I started trying to build an arbitrary generator but quickly found that the frequencies that I could generate was very limited by the update rate I could achieve for the DAC. 100KHz in your case . My range is limited to 1Hz to 1Mhz because I only used a 32MHz clock for the AD9834. A DAC with a SPI interface would be even more limiting.
You cannot generate an arbitrary function with AD9834 at 32Msps as that would require 32MHz*8bit = 256Mbaud SPI! This chip can go that fast only by using internal memory (sine, square and triangle IIRC, + kind of sweep) so no arbitrary.
Arbitrary function generator has to be able to generate absolutely any programmable shape one can imagine.
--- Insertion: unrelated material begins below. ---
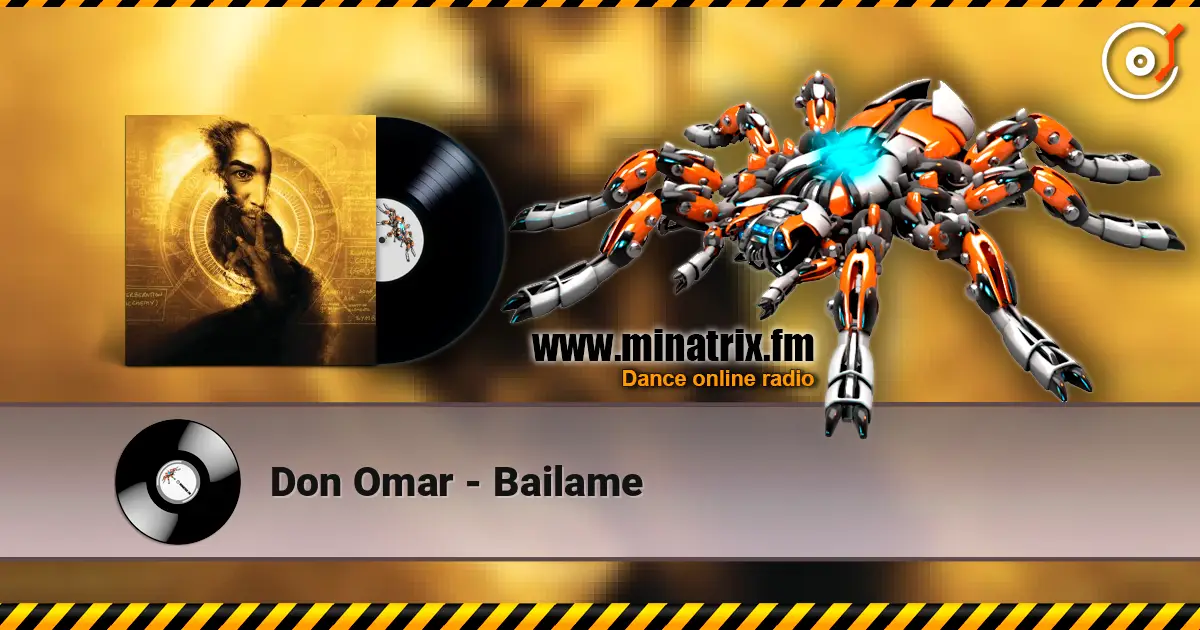 Don Omar - Bailame escuchar online en alta calidad | Minatrix.FM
With that AD you are limited to the SPI speed (<3 MB/s for a PIC18F2550 at ~100% cpu load) so in theory you could reach 3Msps and 8-bit resolution max (IMHO).
Any chance you can share your design mate? Did you use external RAM to buffer the waveform or just generate it real-time? I might do something similar with an arduino although with that I'd need an external DAC.
Sure. I'll try to include whole Eclipse project into a zip and attach here later (end of the week).
I am not sure how you are going to port that to arduino as it relies solely on the hardware available. I just fill registers (DAC, two TIMs, DMA and GPIO) with config data and press "start", CPU load is exactly 0%. This uC has similar peripherals to popular STM32F103R
C if you necessarily need to port that to something else.
I did not have to use any external memory because STM32L152RB has 128kiB of internal flash. Even sampling 2Msps there is enough storage for 128k points (1 x 8bit) or 32k points (2 x 12bit) if you need that much. And there is still 16kiB room in SRAM for an application, if one ever needed such.